Woods is a senior fellow at the Ludwig von Mises Institute in Auburn, Ala., which describes itself as “the world center of the Austrian School of economics.”
Austrian economics is the polar opposite of the Keynesian or socialist economics practiced today by the United States and most of Europe. Austrians -- who advocate for and defend the free-market economy, private property and sound money -- believe it is government intervention in the economy that causes crises like the current one.
It is from an Austrian point of view that Woods has written his latest book, “Meltdown: A Free-Market Look at Why the Stock Market Collapsed, the Economy Tanked, and Government Bailouts Will Make Things Worse.” A New York Times best-seller earlier this year, its first chapter can be read at tomwoods.com). I talked to Woods by phone on April 24.

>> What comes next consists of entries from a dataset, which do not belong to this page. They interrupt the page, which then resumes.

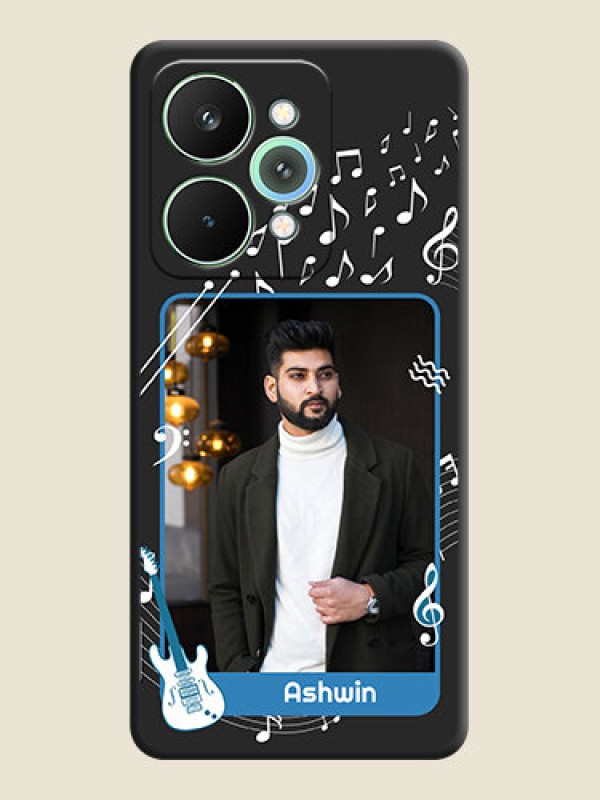 Custom Musical Theme Design with Text on Photo On Space Black Custom Soft Matte Mobile Back Cover - Realme 15 Pro 5G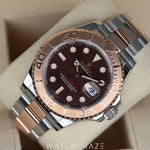 2020 ROLEX YACHT-MASTER TWO TONE ROSE GOLD AND STEEL CHOCOLATE DIAL 37MM 268621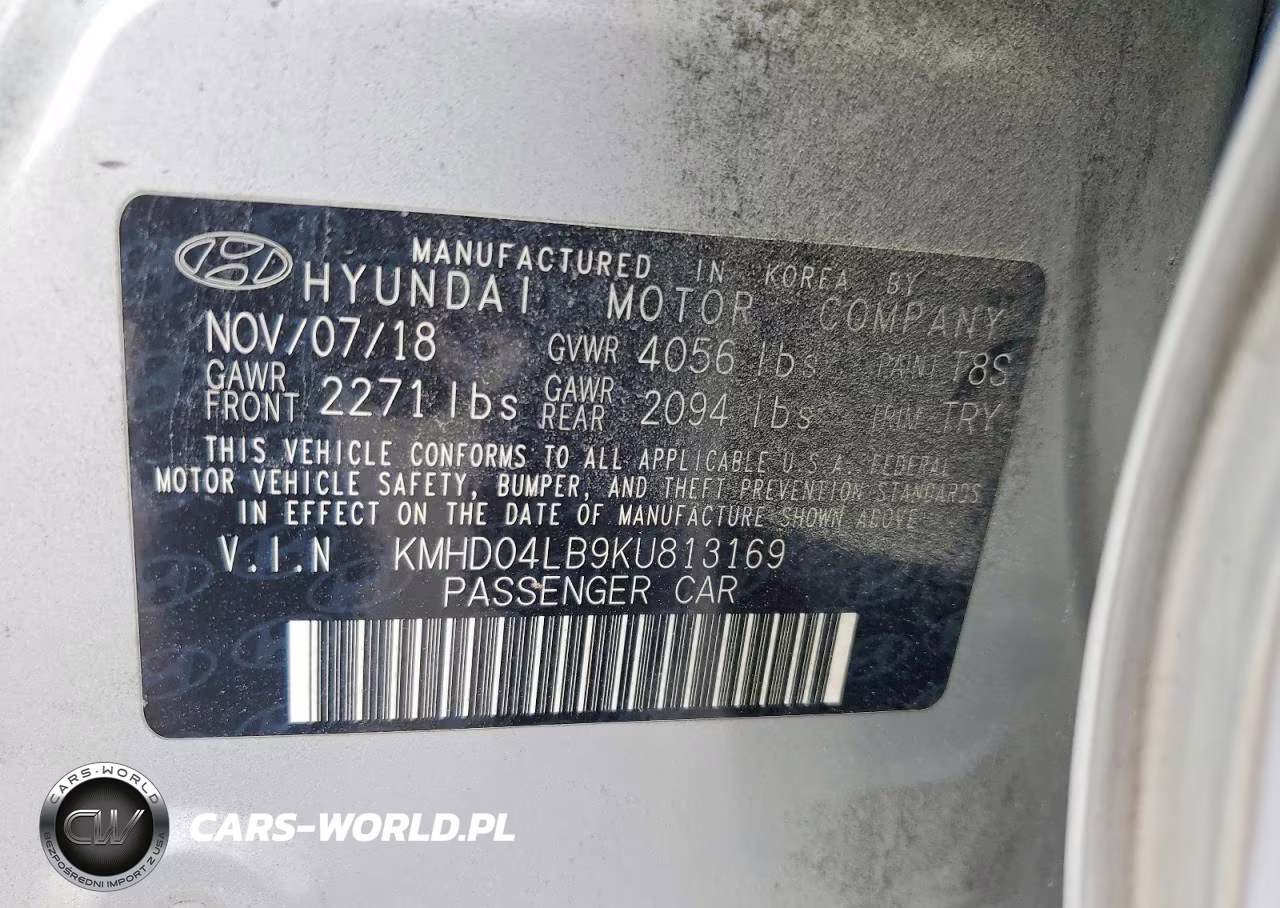 2019 Hyundai Elantra Sport VIN:KMHD04LB9KU813169 - 13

Q: Can you briefly describe what your book is about?
A: It’s the truth about the economic crisis that you don’t get from CNBC or the usual suspects. It defends the free market against the extremely unfortunate conventional wisdom that the meltdown we’ve observed represents the collapse of the free market. It is no such thing. This is to the contrary a government- and Federal Reserve-instigated crisis from beginning to end.
It is extremely important for people who believe in the free market and in a free society to know how to defend themselves, to know what the arguments are, in order that we might resist the expansion of government power that will take place using this crisis as a pretext.
Q: What part of the government would you indict as the major culprit?
A: More than anything else, it’s the Federal Reserve System … (which) for all intents and purposes, is a government-established central bank.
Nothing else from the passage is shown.